Implementing memcmp

Asked 16/2, 2011 at 14:31 Answered 25/11, 2012 at 14:17

The following is the Microsoft CRT implementation of memcmp:

int memcmp(const void* buf1,
           const void* buf2,
           size_t count)
{
    if(!count)
        return(0);

    while(--count && *(char*)buf1 == *(char*)buf2 ) {
        buf1 = (char*)buf1 + 1;
        buf2 = (char*)buf2 + 1;
    }

    return(*((unsigned char*)buf1) - *((unsigned char*)buf2));
}

It basically performs a byte by byte comparision.

My question is in two parts:

Is there any reason to not alter this to an int by int comparison until count < sizeof(int), then do a byte by byte comparision for what remains?
If I were to do 1, are there any potential/obvious problems?

Notes: I'm not using the CRT at all, so I have to implement this function anyway. I'm just looking for advice on how to implement it correctly.

Cuneo answered 16/2, 2011 at 14:31 Comment(4)

This isn't quite true for the most part. Assuming you compile with optimizations on, it's going to turn into a compiler intrinsic, rather than call the CRT's implementation. – Weber 16/2, 2011 at 15:19

Added in the C tag as this is really a C question – Kierkegaardian 16/2, 2011 at 15:46

When optimizing, one question to think about is how large of a data size is needed before any significant improvement is seen? Sometimes the overhead of executing the function takes up more time than the actual comparison. – Polypody 16/2, 2011 at 17:41

Is this really the implementation? I would have thought they're using SIMD instructions (SSE). – Kovacs 25/11, 2012 at 14:33

You could do it as an int-by-int comparison or an even wider data type if you wish.

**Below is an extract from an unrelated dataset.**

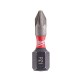 PUNTAS SHOCKWAVE IMPACT DUTY PZ 125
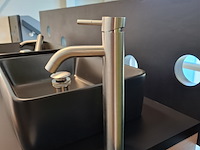 Badmeubel lanesto, maxim xxl, beach oak - afbeelding 3 van  16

The two things you have to watch out for (at a minimum) are an overhang at the start as well as the end, and whether the alignments are different between the two areas.

Some processors run slower if you access values without following their alignment rules (some even crash if you try it).

So your code could probably do char comparisons up to an int alignment area, then int comparisons, then char comparisons again but, again, the alignments of both areas will probably matter.

Whether that extra code complexity is worth whatever savings you will get depends on many factors outside your control. A possible method would be to detect the ideal case where both areas are aligned identically and do it a fast way, otherwise just do it character by character.

Target answered 16/2, 2011 at 14:34 Comment(2)

Wouldn't that optimization also require that both pointers overhang at the start by the same amount. – Thither 17/2, 2011 at 11:50

That optimisation is possible but I suspect that with all the casting that would be involved (to uintptr_t from void for alignment check, to int* for comparisons and char*...) it would be quicker to just drop down to assembly and hack it together... – Cultural 13/3, 2014 at 21:4

The optimization you propose is very common. The biggest concern would be if you try to run it on a processor that doesn't allow unaligned accesses for anything other than a single byte, or is slower in that mode; the x86 family doesn't have that problem.

It's also more complicated, and thus more likely to contain a bug.

Hedley answered 16/2, 2011 at 14:36 Comment(5)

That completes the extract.